Ministerpräsident Mariano Rajoy tritt in den letzten Monaten in Madrid mit stolzgeschwellter Brust vor die Kameras. Spanien hat alles richtig gemacht. Glaubt er.
"Spanien hat schon im Jahr 2012 eine große Schlacht geschlagen, um den Rettungsschirm zu vermeiden, und wir haben das geschafft. Und wir sehen natürlich, dass die Reformen, die wir gemacht haben hart, schwierig und unangenehm waren, aber heute, wo wir eine genauso schwierige Situation in Griechenland sehen, sehen wir dass Spanien mit drei Prozent am meisten wächst in Europa. Heute können wir sagen, die Anstrengung hat sich gelohnt."
Ortswechsel. Briviesca. 7.000 Einwohner. Knapp drei Autostunden nördlich von Madrid. Hier ist noch Kastilien. Die spanische Kernprovinz. Aber hier gab es auch mal 10.000 Einwohner. Vor der Krise. Die, die konnten und auch die die mussten, weil sie ihre Arbeitsplätze verloren haben, sind jetzt weg.
Ein Dorf, gezeichnet von der Krise
Die Rentner auf dem mit Bäumen gesäumten Marktplatz, vor der Kathedrale und dem Rathaus, wollen von "der lohnenden Anstrengung" von der spanische Ministerpräsident gesprochen hat, nichts wissen, sie fangen an zu lachen, wenn man sie danach fragt.
"Nein, nein, nein - das wir vielleicht ein bisschen rauskommen aus der Krise mit Gürtel enger schnallen. Das ja, aber dass wir sie schon hinter uns haben. Nein!"
Einer verkörpert in Briviesca die Krise wie kein Zweiter. Es ist der ehemalige Bürgermeister José Maria Ortiz Fernandez. Abgewählt, seit ein paar Wochen. Das erste Mal seit der Franco-Zeit gibt es in Briviesca einen linken Bürgermeister. Und Jose Maria Ortiz Fernandez kann nur noch traurig aufzählen, was es in Briviesca alles mal gab.
"Die Krise hat uns hier natürlich auch deshalb so schwer getroffen, weil wir hier vor allem für den Bau produziert haben. Hier war die Blase besonders ausgeprägt, die geplatzt ist. Deswegen haben die ganzen Unternehmen geschlossen, die hier Fliesen, Türen, eben alles produziert haben, was mit dem Bausektor zusammenhängt."
Jetzt ist immer noch alles zu. Im Gewerbegebiet hat kaum eine Halle geöffnet, in der Stadt selbst, überall zugeklebte Fenster, vernagelte Türen. Massenweise Schilder mit dem Hinweis "Zu verkaufen". Der Ex-Bürgermeister macht keinen Hehl aus der Situation.

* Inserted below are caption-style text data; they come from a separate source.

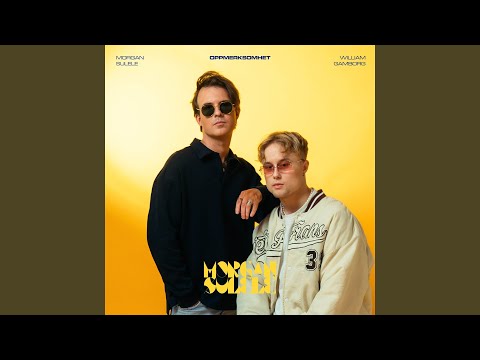 Oppmerksomhet - Morgan Sulele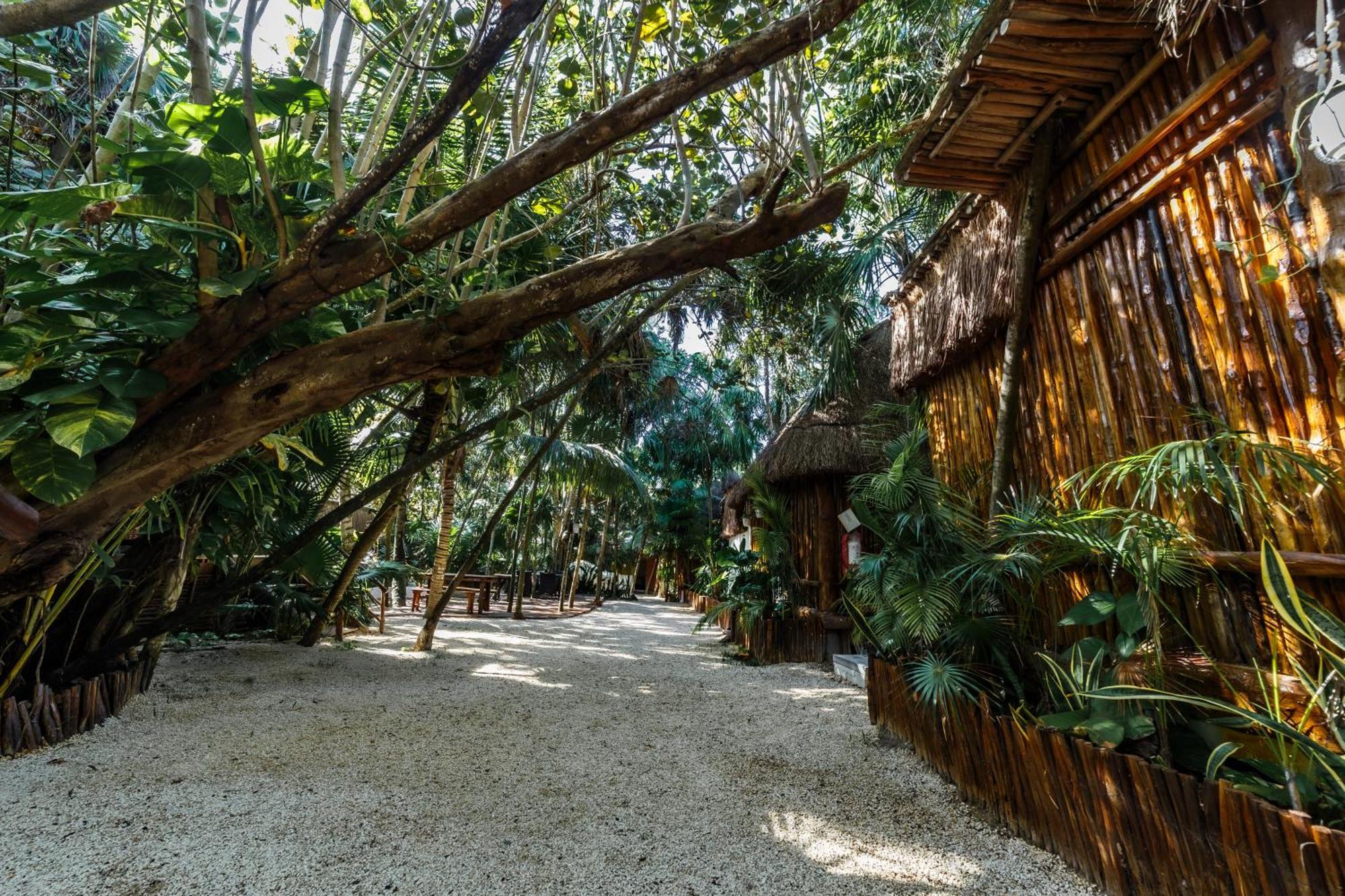 Eco Banitas Tulum Exterior foto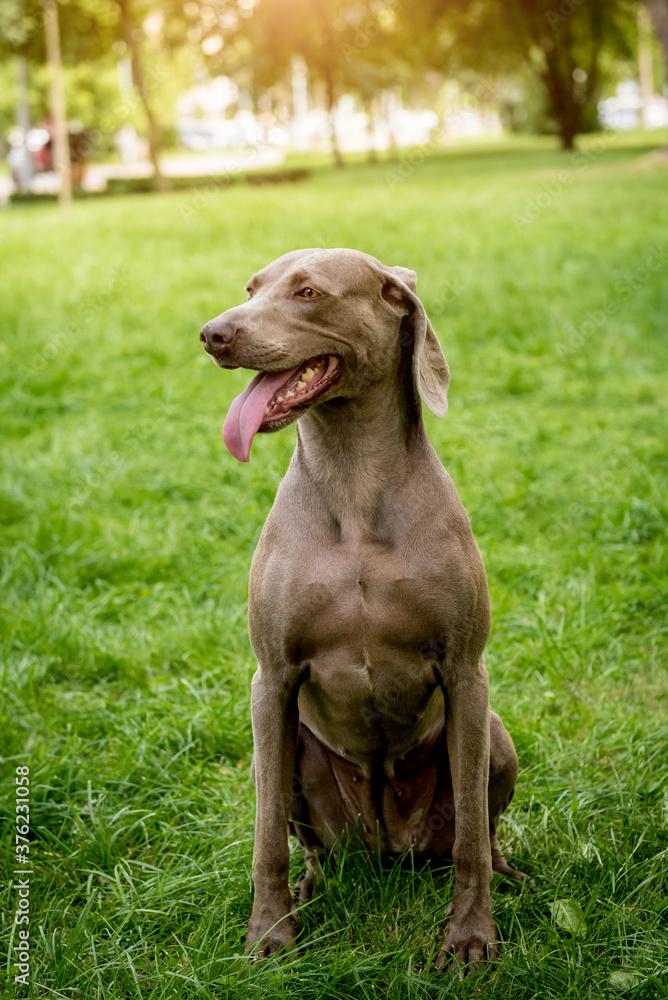 Portrait of cute weimaraner dog breed at the park. Portrait of cute weimaraner dog breed at the park.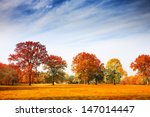 Colorful Autumn Trees Landscape ...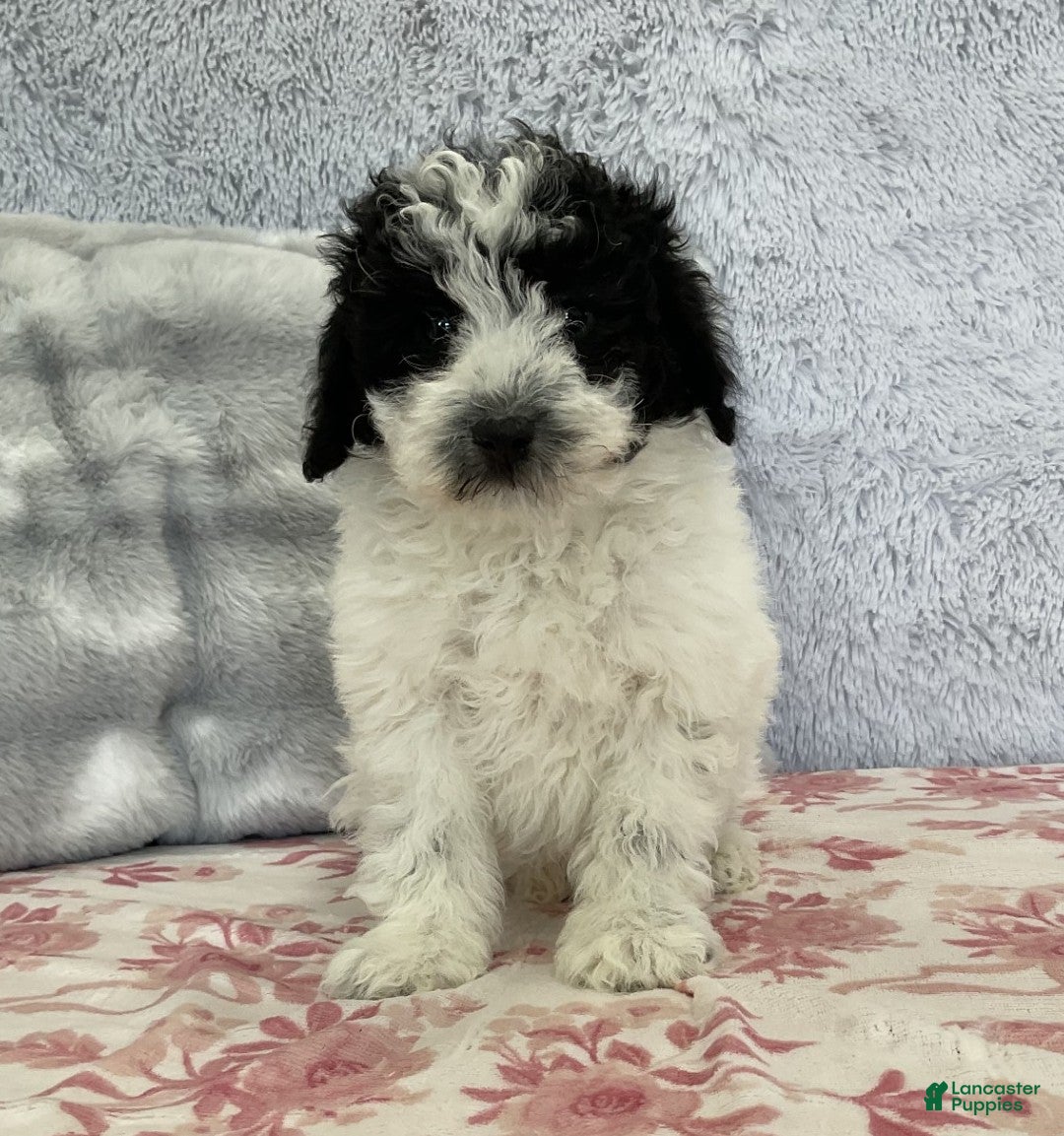 Mixed Breed dogs Teyana - Ad 2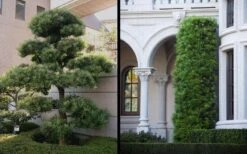 Podocarpus Macrophyllus Upright Yew - 3 Gallon Pot -Plant Promotion Store Yew Podocarpus 2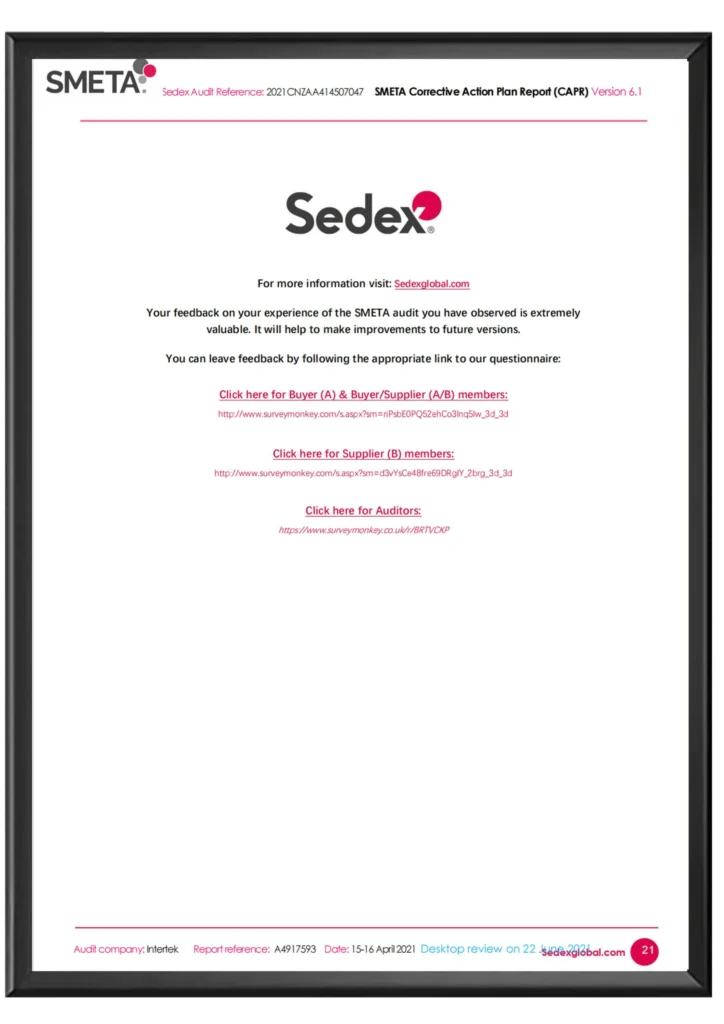 Great Shine SEDEX SMETA audit document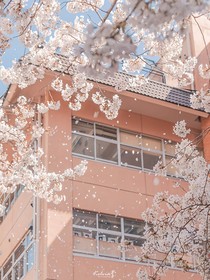 戀愛物語(yǔ)：戀愛筆記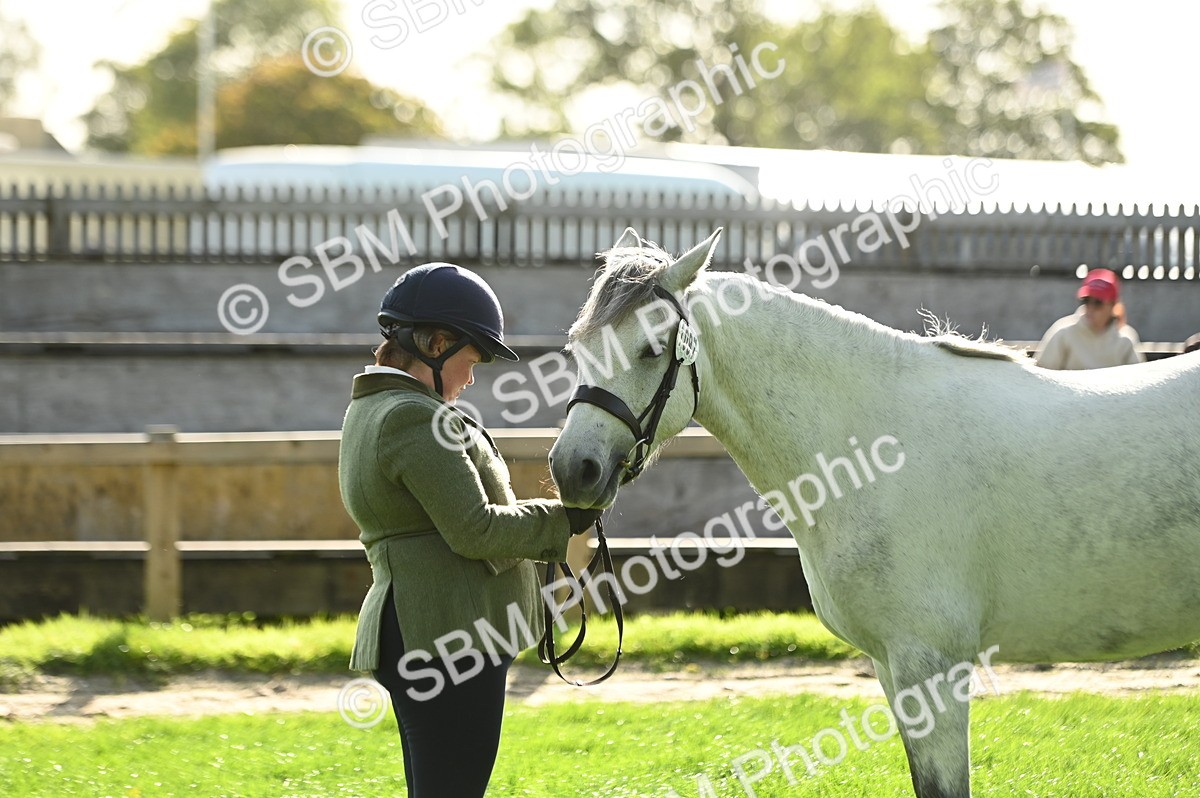 SBM_15981 - S1 - TSR in Hand Horse & Pony Showing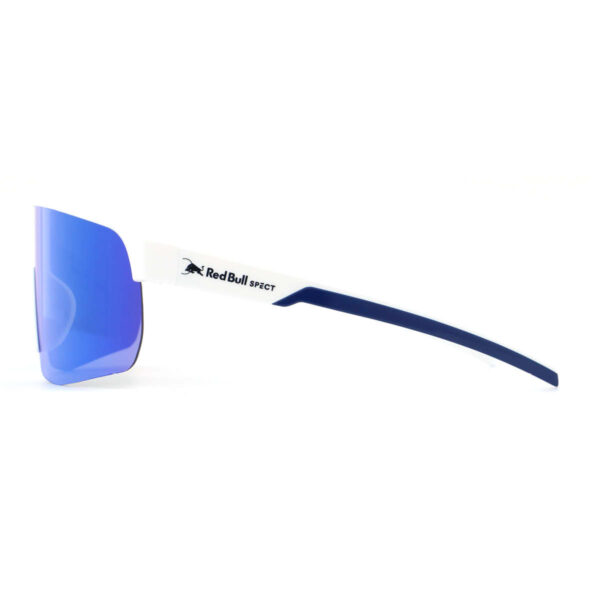Sonnenbrille Dakota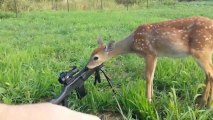 Bambi lèche le fusil d'un chasseur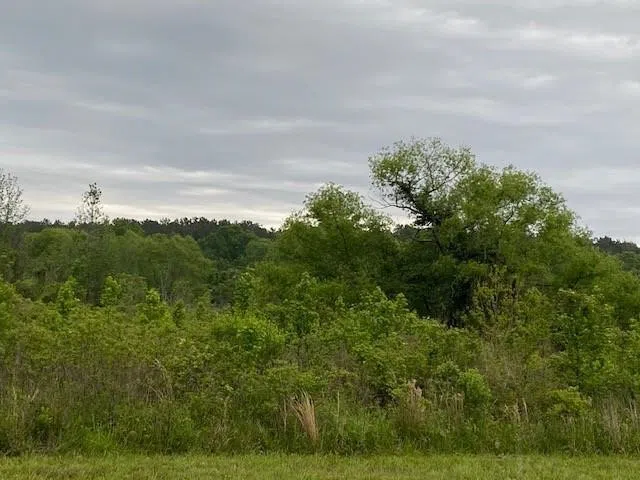 Hwy 31 Chandler, TX 75758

Wer kellnert, bekommt sofort einen Job
"Früher gab es in der Straße hier gleich nebenan 40 Geschäfte. Jetzt sind es noch vier."
Dass in Briviesca eine Initiative aus in der Krise entlassenen Herrenschneidern, deren Betrieb in die Pleite geschlittert war, jetzt wieder ein Unternehmen führt und dass 30 der 200 ehemaligen Mitarbeiter wieder einen Arbeitsplatz haben, ist ein Tropfen auf den heißen Stein. Noch ist vom Aufschwung in der Kleinstadt in Kastilien-Leon wenig bis gar nichts angekommen. Alle, die konnten sind weg. Auf dem Marktplatz Rentner oder Kinder. Denn Geld wird im Moment in Spanien mit Tourismus verdient. An der Küste. Weit entfernt. Dort boomt es. Spanien profitiert von der Unsicherheit in den nordafrikanischen Ländern, von der Vertrautheit der europäischen Urlauber mit Inseln wie Mallorca oder Ibiza.
Und auch das passt ins Bild vom Land, das nur allmählich aus der Krise kommt: Nach der letzten Statistik ist die Mehrheit der neuen Arbeitsverträge befristet, manchmal bekommen die Menschen nur für Tage eine Anstellung. So wie es eben im Saisongeschäft Tourismus üblich ist. Kein Wunder, dass nach jüngsten Berichten eine Berufsgruppe am meisten Chancen in Spanien hat, sofort einen Arbeitsplatz zu bekommen: Es sind - Kellner.